Irwin shot a final round 69 at the Regions Tradition in Birmingham on Sunday, just a few days short of his 71st birthday. He then made the short trip to St. Augustine and the World Golf Hall of Fame to to see the collection of golf memorabilia and artifacts found in the Museum. The current record holder for Champions Tour victories with 45 had not been to World Golf Village in nearly 20 years.
I reminded him he’s been a member of the Hall of Fame for nearly 25 years and 2017 will mark the 50th anniversary of his win in the NCAA Championship.
“You want to hear those numbers I guess,” he joked. “It’s better than the alternative.”
But you can tell now closer to the end of his career than the beginning, the 20-time winner on the PGA TOUR is appreciative but humbled by the Hall.
“Being a part of the greatest who’ve every played this game is pretty humbling,” he said reverently.
And the World Golf Village has transformed itself in Irwin’s eyes into a “must see” attraction for sports fans.
“It’s interactive, the displays are just fantastic. What people have put in here from their own collections! It’s amazing to see how these people have touched the game of golf or maybe more importantly how the game of golf has touched them.”
I snuck a peek at Irwin’s locker in the Hall where he has one of the first sets of clubs he ever played with as a kid when he was 4 years old.
“Those are very simple. They’re old. Archaic. It’s an old, old bag with cut off clubs I used as a little boy,” he said with a laugh. “But l think you have to get grounded every now and again and it takes me back to my parents, my dad, the little town I grew up in in southeast Kansas and how I got started.”
Those clubs are a far cry from the composite heads and solid golf balls that have changed the game dramatically. But Irwin says the top players of any era could compete across the board.

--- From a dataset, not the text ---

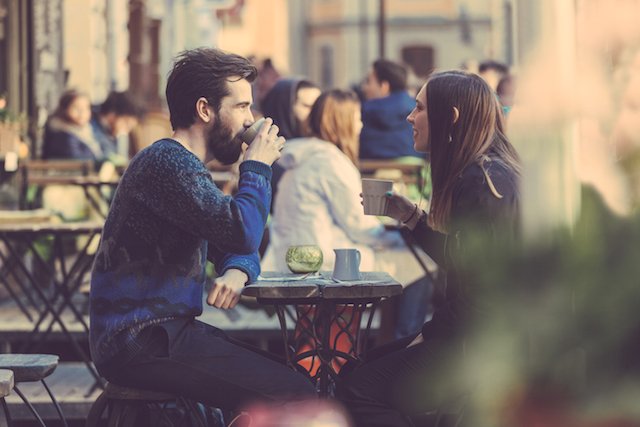 Fot. [url=http://www.shutterstock.com/pic-274687205/stock-photo-hipster-couple-drinking-coffee-in-stockholm-old-town-they-re-sitting-face-to-face-the-man-is.html?src=csl_recent_image-6]William Perugini[/url]/Shutterstock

“Are the players at the top of the game now better than players before? No, they’re just playing in different eras. They have the heart of a champion. There’s more depth in the game but you look at Snead, Hogan, Sarazen, Palmer, Nicklaus, Player. They’d have been able to compete.”
Although Hale did admit when watching a PGA TOUR event these days it’s obvious the players themselves have changed.

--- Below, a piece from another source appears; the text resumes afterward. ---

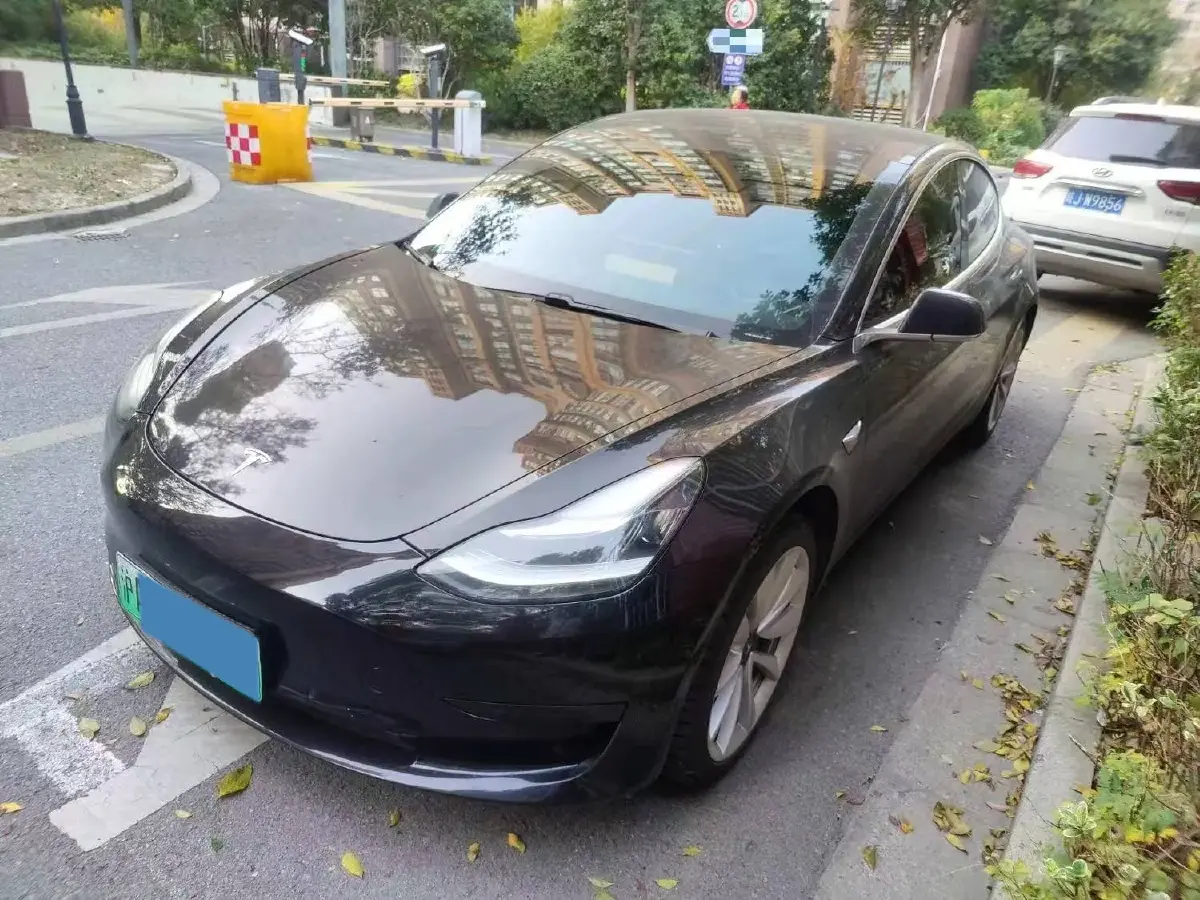 2019 Honda Odyssey 2.0L 146HP L4 E-CVT Hybrid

“They’re all 6’2″, thin and look young!” he said with a chuckle.
In Irwin’s era on the TOUR players came in all shapes and sizes. But he stayed fit, thinking it was part of playing the game.
“”I’ve been in a lot of sports and I was a college football player and I thought that being in shape was the thing to do. It helped me. I think people now are understanding that when they see golfers they’re not just some guy who jumped up from the bar and went to play. They’re athletes. Most of them are good at something else too.”

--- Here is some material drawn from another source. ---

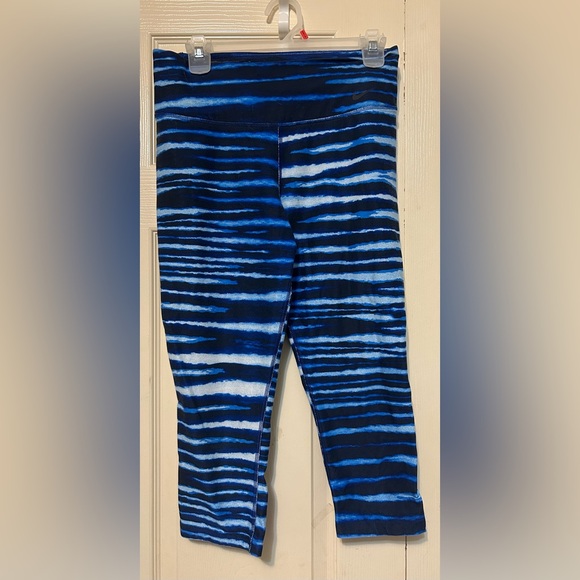 Nike Pants - Nike Blue and White Athletic capri Leggings medium drifit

On one hand technology has changed how the game is played but Irwin believes the idea hasn’t changed.
“The game is still played with the same idea, it’s just how you go about it. Everything is made to go high and fly far. We watched Jason Day hit that 2-iron (at THE PLAYERS) 308 yards. How is that possible?”
And while the top players are taking advantage of the technology boost in golf, Irwin agreed that the equipment allowing better play for the average player is also good for the game.
“People who are playing the game now might see some more immediate positive results with today’s equipment. That’s what people want to see in today’s society and that’s what you’re going to see.”
While he won three U.S. Opens, none were at Oakmont where this year’s Championship will be contested. Irwin is familiar with the layout and says it’ll take some guile, and brawn to win. I said with all the top players playing well it could be an exciting tournament to watch.
“It will be,” he said emphatically. “I’m going to go out on a branch here and say it’s going to be a veteran who wins this year. You can’t just go out there and bang it willy-nilly at Oakmont. It takes some knowledge of where you can hit it. Not that some of those young guys can’t do it. But I think somebody’s going to step out of the shadows of those young lions to put some heat on them.”